Ogni sabato davanti alle finestre di casa mia fanno il mercatino. Merciai coi camioncini, venditori di frutta secca, produttori di ricotta, aziende agricole coi loro banchetti di leccornie, ambulanti che trafficano in scampoli e piumini a buon mercato, si radunano dalle sei del mattino, occupano i posti assegnati e apparecchiano la mercanzia. Io, che mi alzo presto anche nel fine settimana, metto sul fuoco il pentolino del latte e imburro le fette biscottate mentre loro sfacchinano ad abbassare pianali e a piazzarci sopra decine di pentole e mortai rumorosi, di zinco e alluminio. Ma è un rumore allegro, tutt'altro che fastidioso: è il suono della gente che lavora nonostante tutto, che ha famiglie da sfamare e mutui da spegnere. Si conoscono da anni, si salutano, si raccontano gli acciacchi, commentano il tempo - a volte lo maledicono, e se piove alzano teli di plastica tra i banchi e la tempesta. Se è inverno, qualcuno di loro calza il cappuccio e si rintana tra le vestaglie, che lo salvano dal vento gelato, e se non guardi con attenzione non lo vedi, mimetizzato com'è. Dopo un'oretta o due - dipende dalla stagione - cominciano ad arrivare i primi clienti, i più scaltri, quelli che vengono a scegliersi la verdura migliore prima che rimangano solo gli scarti. Stamattina per esempio, a onta della tramontana che tagliava le teste, certi temerari sceglievano i cespi d'insalata più freschi, proprio mentre io sfilavo davanti per andare in piazza, a comprare il giornale. E a quel punto l'ho vista: una scena che mi ha rimesso al mondo. Il signore che abita poco più su di me aveva preparato una moka da dodici e riempito di dolcetti un vassoio capiente, e faceva il giro degli ambulanti distribuendo bicchierini di plastica riempiti a metà e ciambelline. Tutti si scaldavano, tutti dicevano Che buono questo caffè, tutti addentavano chi una pastarella chi un biscotto fatto in casa, e san Girolamo è diventato un bar all'aperto, improvvisato e magnifico. Quando il caffè è finito, il benefattore è salito in casa a farne dell'altro, perché qualcuno era rimasto a bocca asciutta. Mi sono fermato a guardare quella commozione, e lì mi è venuto l'estro di scriverne. E siccome rifuggo la retorica come la peste, qui m'interrompo: ognuno ne tragga la morale che vuole.
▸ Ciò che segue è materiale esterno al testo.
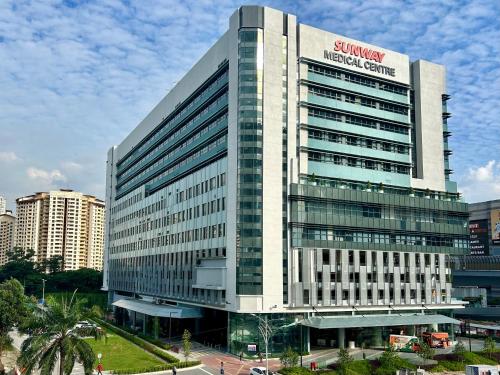 a building with a sign on the side of it at CozyHome 1-10pax Sunway Nexis link IOI mall & MRT in Petaling Jaya
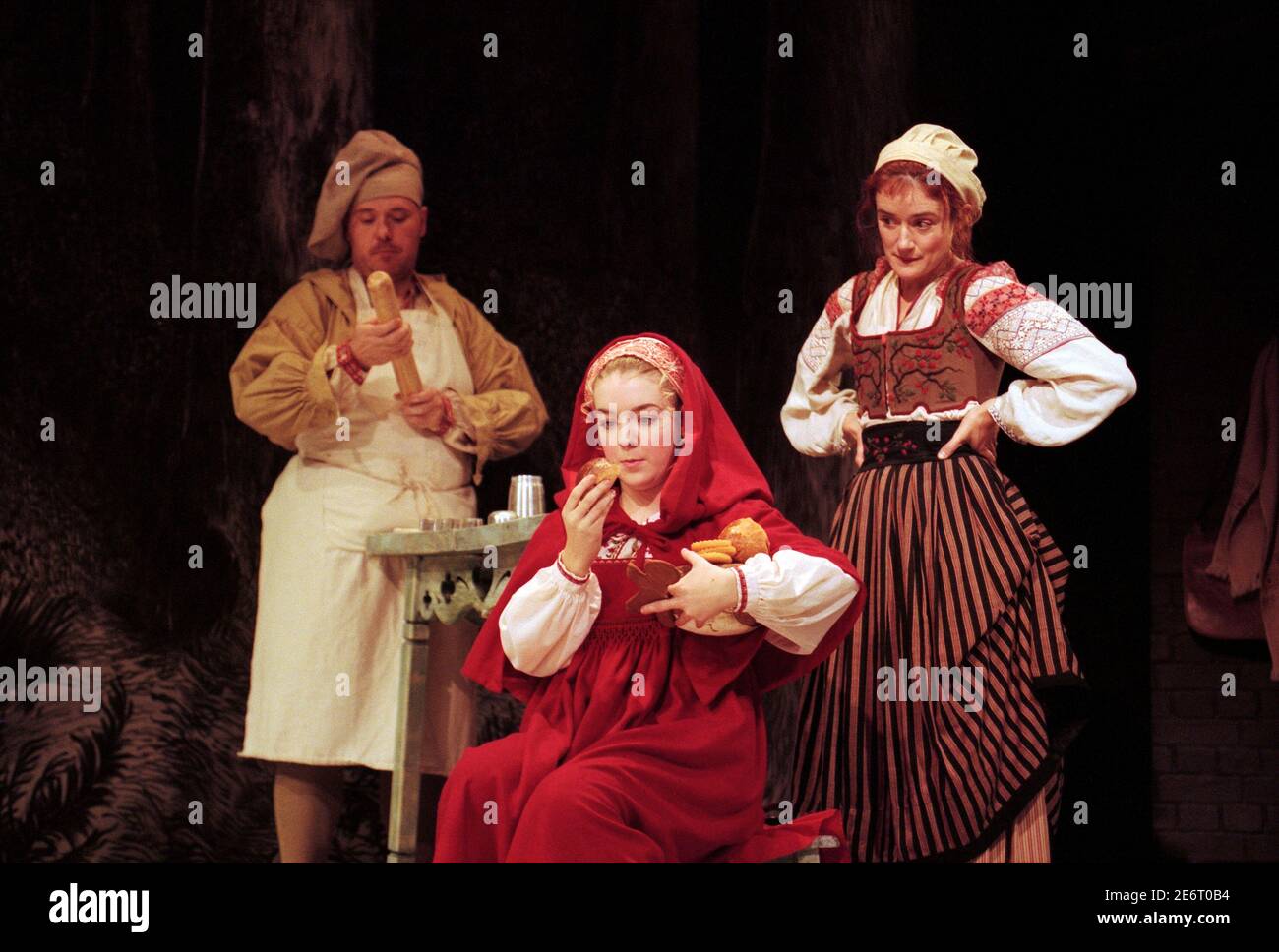 l-r: Nicholas Holder (The Baker), Sheridan Smith (Red Riding Hood), Sophie Thompson (The Baker's Wife) in INTO THE WOODS at the Donmar Warehouse, London WC2  16/11/1998  music & lyrics: Stephen Sondheim  book: James Lapine  design: Bob Crowley  lighting: Paul Pyant  director: John Crowley Stock Photo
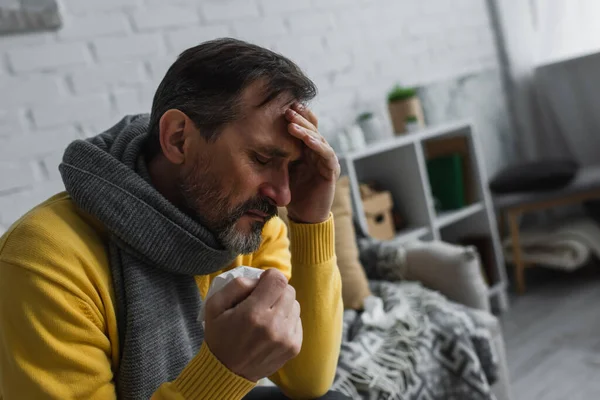 Хворий чоловік в теплому шарфі тримає паперову серветку і страждає від головного болю — стокове фото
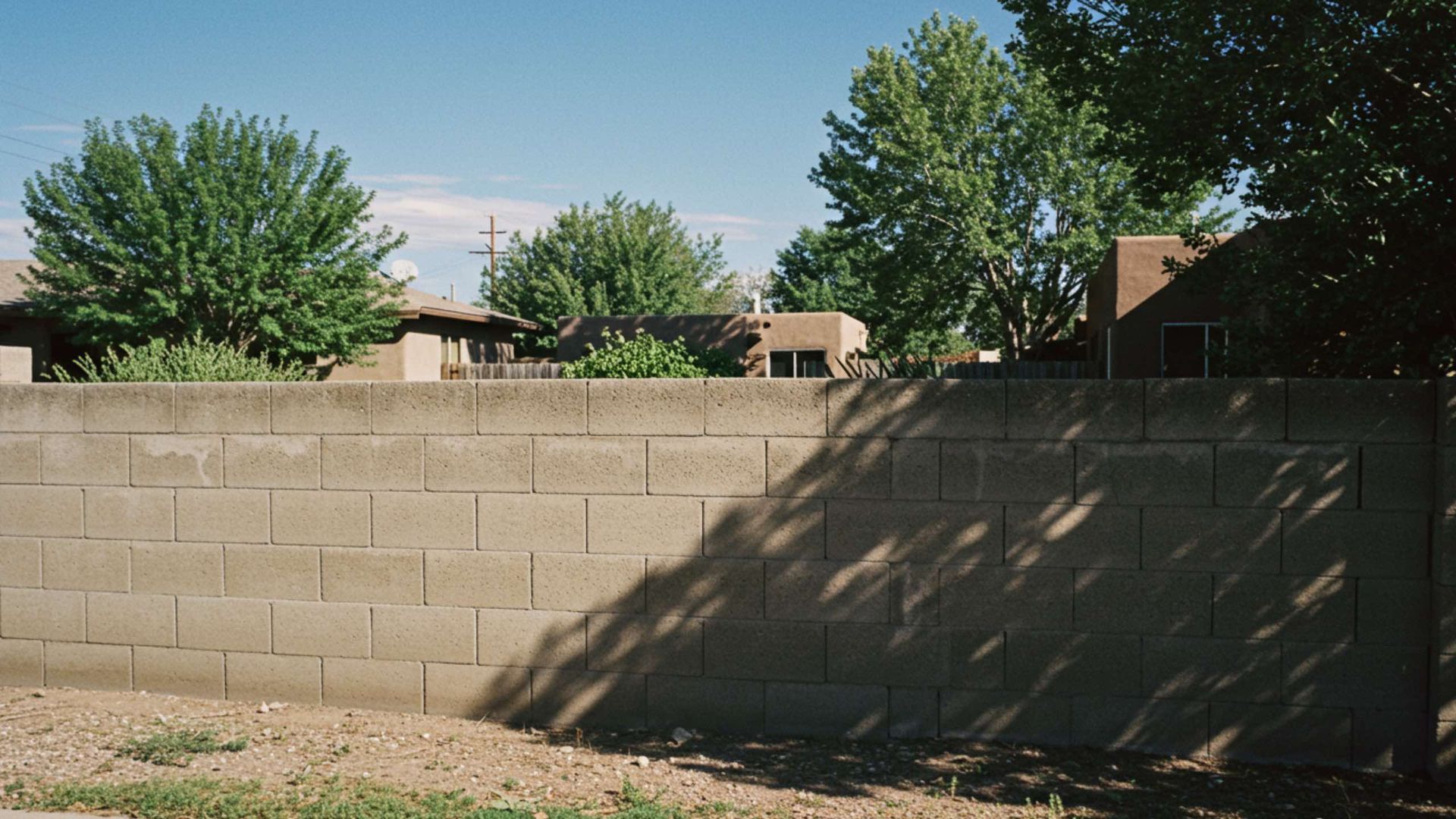 Concrete block wall with trees and houses in the background under a blue sky.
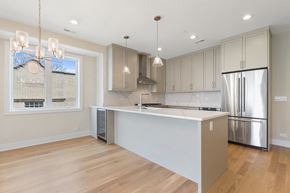 Chicago apartment for rent - a white kitchen with a large island and a stainless steel refrigerator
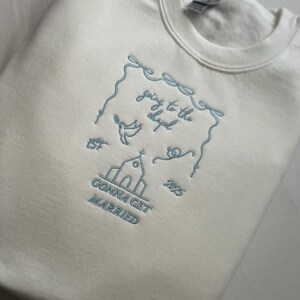 May include: White sweatshirt with blue embroidered text that reads "going to the chapel gonna get married" with a church, dove, and hearts.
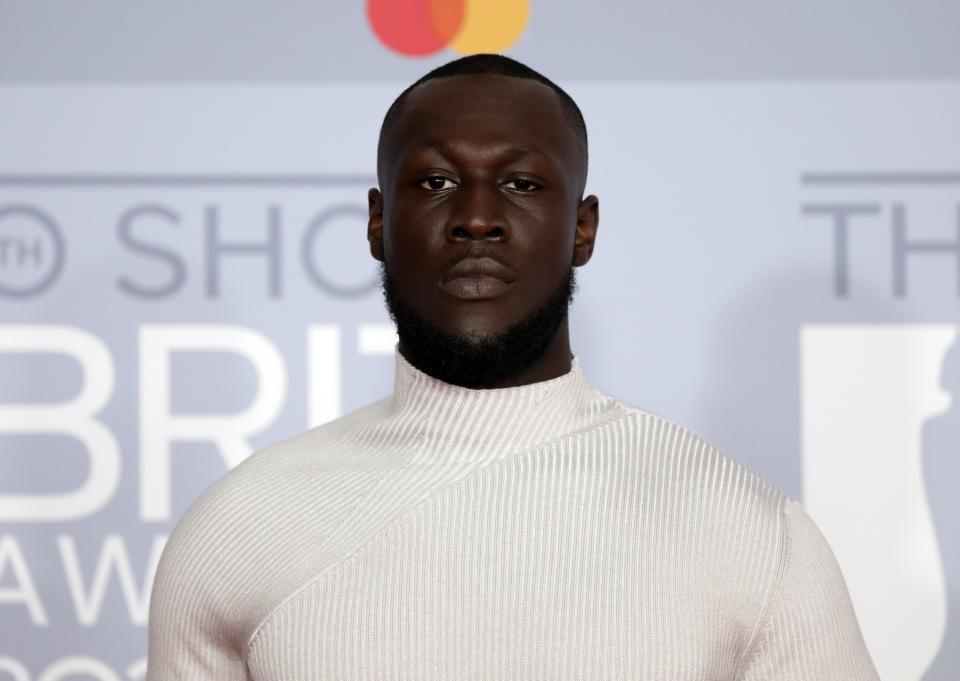 Stormzy poses for photographers upon arrival at Brit Awards 2020 in London, Tuesday, Feb. 18, 2020.(Photo by Vianney Le Caer/Invision/AP)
Mi piace star qui con te a ragionare di aiole e di mare. Che il giardino andrebbe curato di più e che il mare è troppo lontano per comprarci casa. Mi piace star qui con te a non contare il tempo, mentre fuori passa furibondo, rendendo infelici gli uomini. Il brutto mondo rimane al di là di questo palco, persino oltre la platea. Ci sono storie che ho sentito raccontare dai miei ragazzi, quando erano loro a far lezione e io spalancavo le orecchie, incoraggiandoli alla narrazione. No, era più un'istigazione a delinquere, le cose migliori che ho potuto insegnare sono quelle che si configurano come reati. Le storie erano tante ma a un certo punto si mischiavano in una, come le onde del mare che a riva diventano un frangente compatto. Vuoi sentirla? Parla di due persone che si amano ma non se lo dicono, e di altre due che non si amano e si giurano ogni giorno amore eterno. Però non sono quattro persone, come potrebbe sembrare, ma soltanto tre perché una fa parte sia della prima che della...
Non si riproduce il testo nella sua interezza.